Worse still is the geopolitical syndromes now dastardly introduced into the nation's public service such as the decimation of policy criteria, policy formulation, templates reviews, and their implementation to suit dynamics of change in the socio-economic terrains of Nigeria. Crude politics of religion, partisan politics, and geopolitical sectionalism all are imputed into public service employments, recruitments, appointments, promotions, demotions, retrenchment, and abrupt retirement of staff under the auspices of political rigmaroles in all shades of character. Ministerial and Boards membership appointments, the acclaimed performance of oversight functions by legislators in ministries and agencies of government including the unsolicited introduction of previously unknown nomenclatures of Senior Special Assistants, Special Assistants, and Personal Assistants either from outside or within a particular agency do mess up governnance and government. They similarly now bastardize career progression of staff and officers in the nation's public service to such an extent of the demise of esprit de corps was once associated with the functional harmony in public institutions in Nigeria. Political appointments and the characteristics that daily characterize the characters of especially the board members and committee members amongst the legislators that oversee certain ministries and government agencies are compartmentalized in juicy and/or none juicy nature where contracts and soups to lick abound but never their concern for an untainted service to fatherland. Therein lies the frustrations of the average Nigerian civil servant in Nigeria and their fears of the unknown future when they retire from public service due to age or length of service. In today's Nigeria, 85% of public servants may not have a roof over their heads at retirement and worse still the time the body chemistry takes a toll on each retiree and pensioner with little or nothing to bank on as life plummets now in one's face. The questions then are:
(1) Could the current political trends amongst the political appointees and Labor Union leaders stem the tides of frustrations and the general atmosphere of unproductivity amongst public servants in Nigeria?

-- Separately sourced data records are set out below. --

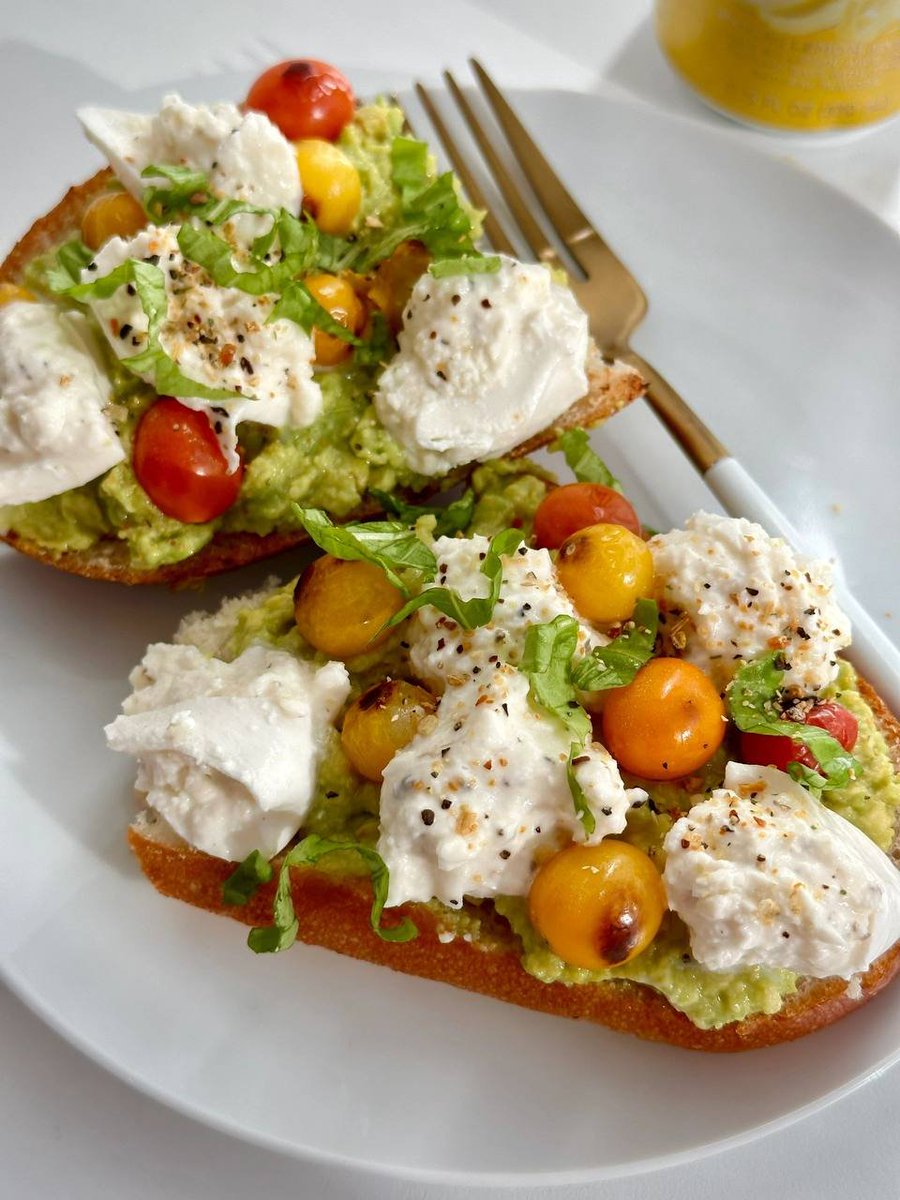 noria116's tweet image. eating#Egg bread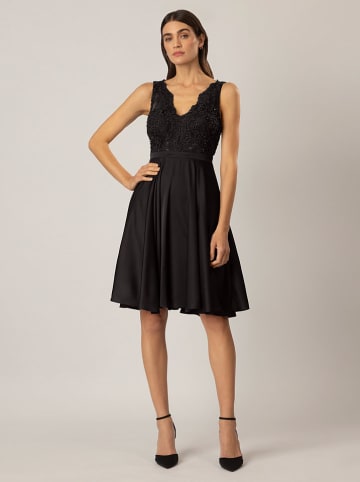 APART Kleid in Schwarz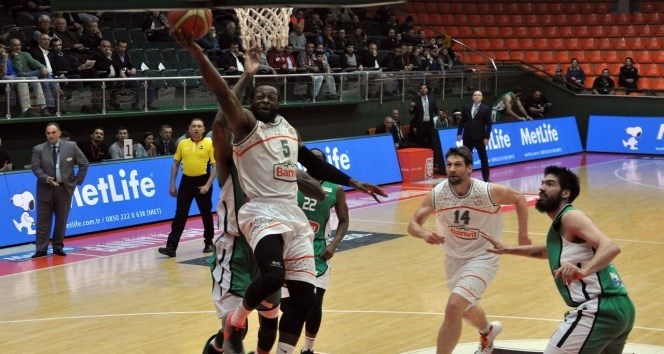 Banvit evinde yendi!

(2) Would the current agitation for a wage rise for workers exclude those that retired unblemished under PTAD, PENCOM Programmed Withdrawal, and Annuity, or the pensioners be allowed to die and perish?
(3) To what extent are the Labor Union leaders true to themselves that they are productive in their various capacities and are vistas of light to other workers they claim to serve to be productive, faithful, loyal, and honest and to serve Nigeria with all their strength and to defend her honor and glory so that the one and only God we all claim to worship help us all?
(4) Would the Labor Unions leaders also help Nigeria and the current administration to help take Nigeria out of the economic morass, political despondency, and religious bigotry or be divisive under the platform of irresponsible agitations and strikes that may get Nigeria further rotten in corruption and divided Nigeria?
Contrary to the symptoms associated with average agitators and acclaimed human rights activists that, "Every human being is a born agitator but give him a pot of soup and he forgets his agitation", the question then, is, " To Be or Not To Be?"
In workers, Labor Unions activists, and governments as a whole it must be reinstated the admonition of a sage, "Today is Yesterday's Tomorrow, are You Moving Forward in Thoughts and Conducts?".
I remember as if it were yesterday my associations and official interactions with true workers union leaders, Alhaji Balte and Mr. Kumleng both of the P& T union leaders in Bauchi (1981-85).
Messrs Etokhana, Ajaero, Chuba Nwagbara, Mrs. Brown, Alhassan, Christopher Adewumi, Apeh, Pamilerin Adeleke Secretary of NIPOST Branch and Ahmed Ganzali of National Union of Pensioners, Gabriel Imafidon of NIPOST Branch and Barrister Adesunkanmi of Senior Staff Association of Transport, Communication and Government Owned Companies. Adesunkanmi was one trade union leader I greatly respect whose contribution was so immense in proving the uniqueness of the Nigerian Post as a unique organization during Orosanye's era at exploring that sanity prevails at the merging of the unnecessary proliferation of the Federal Government Agencies and Parastatals.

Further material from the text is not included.